The next we know of James Atkinson is 1 July 1916: the First Battle of the Somme. James became one of the 19,240 killed that day, the highest casualties in any one day in the history of the British Army. As his body was not recovered, one of 489 of 22nd Brigade between 1 & 3 July, he would initially have been listed as missing.
Reports of the battle are distorted. In the Dundee Telegraph and Post of 5 July, the headline says
'Battle of the Somme: Proceeds with Brilliant success'
In the text it then says:
“According to very exact information, our losses have been very small. One village was taken without the loss of any life. One army corps has only had the loss of a few hundreds killed and wounded. These splendid results are due to the efficacy and precision of our destructive fire, which ravaged the enemy's ranks”
...Who's hoping to kid everyone: the army PR people or the newspaper?
However, by 28 July the Newcastle Journal was reporting 2-3 columns of Roll of Honour, each column with 100 killed, missing or wounded at a time. We don't know when James Atkinson's parents were told, but in Newcastle Journal 31 July, a month after he went missing, his name is in the list of over 1200 names of Northern Casualties:
Missing: Northumberland Fusiliers: Lance-Corporal JA Gotts 155 (Seaton Delaval)

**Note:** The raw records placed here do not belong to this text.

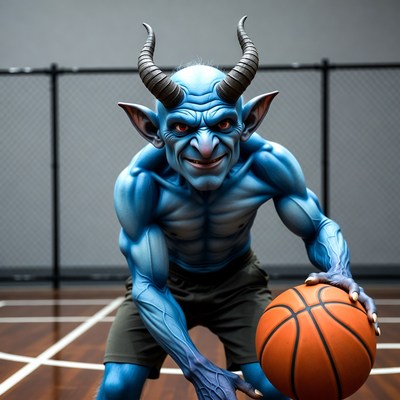 Blue demon holding basketball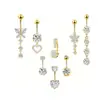 Conjunto direto da fábrica com 10 peças de anéis de umbigo de borboleta com zircônia, anel de umbigo longo de borboleta, joias para piercing corporal em estoque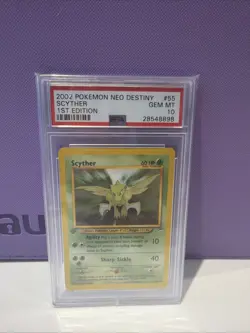 Pokemon TCG Scyther Neo Destiny 55 Regular 1st Edition Uncommon Psa10 - Image 1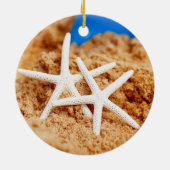 Décoration En Céramique Deux étoiles de mer à la plage (Dos)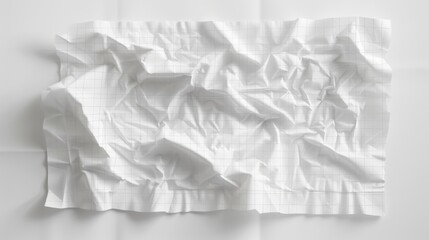 Obraz premium a piece of white paper crumpled with delicate grid patterns, depicted in fine detail. The texture should be lifelike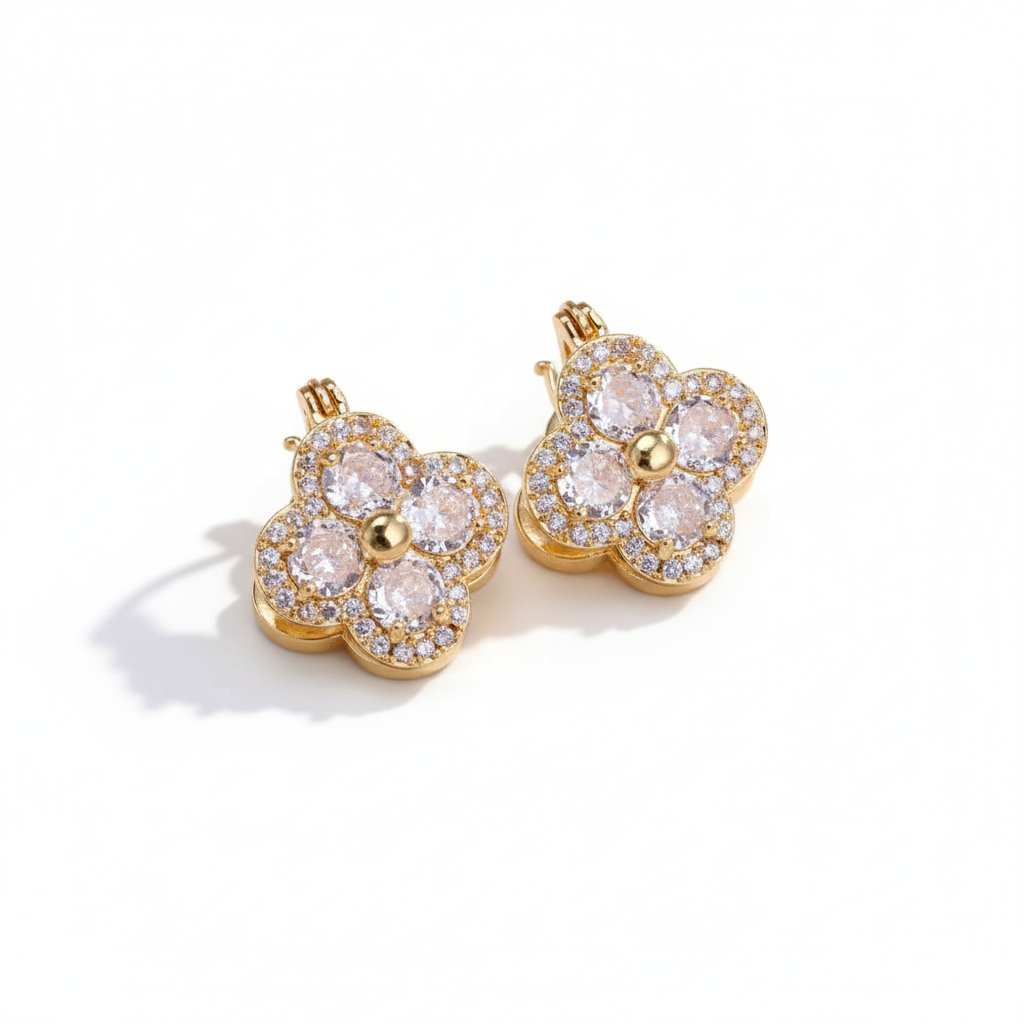 Luxe Zirconia Clover Earrings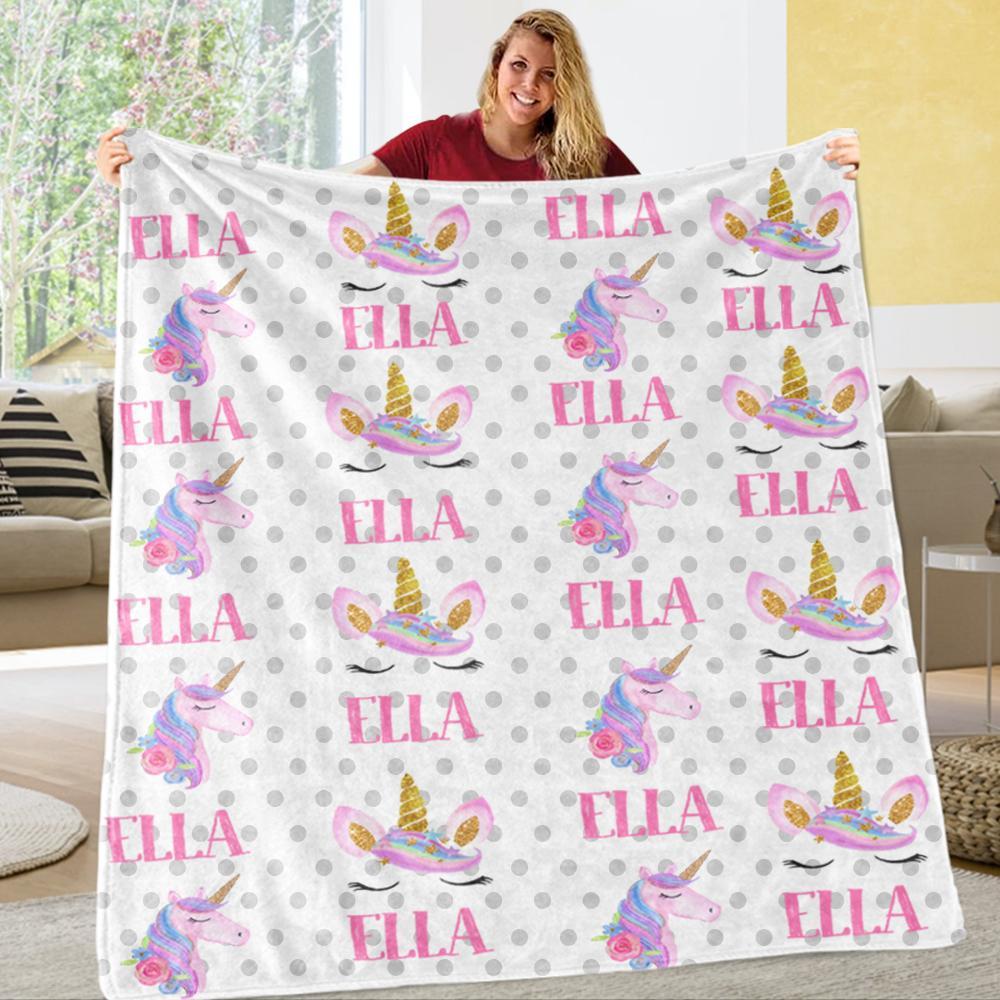 Custom Name Unicorn Cozy Plush Fleece Blankets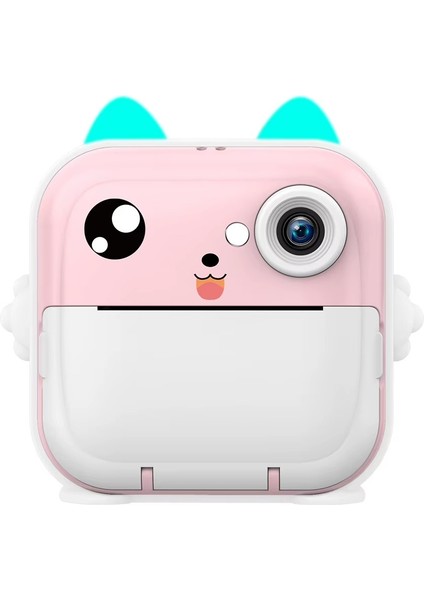 Anlık Termal Yazıcılı Dijital Çocuk Kamerası 2.0 Inc Hd Şipşak Fotoğraf Makinesi AE110 Pembe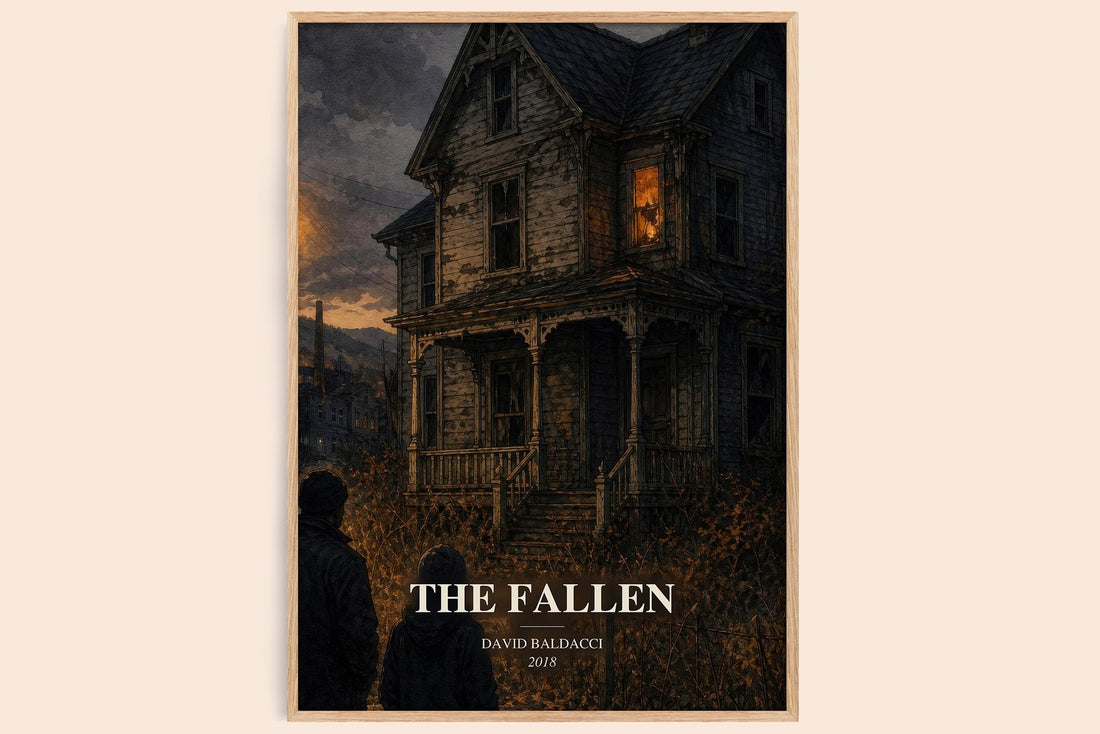 The Fallen watercolour book poster by David Baldacci – framed literary art print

So no doubt about it, the right name, regiment and service number, and his parish.
On one of these he says
Just a few lines hoping to find you well as it leaves me at present. I hope you received your letter all right and also hope this card suits you as it is as pretty one as I could find. They are all pretty one does not no which to pick. Tell them all at home that I send my best respects also to you your wife and family. Bob Elphick is a sergeant in the 14th Northumberlands now. Remember me to all. I think I will now close with all my love Jim”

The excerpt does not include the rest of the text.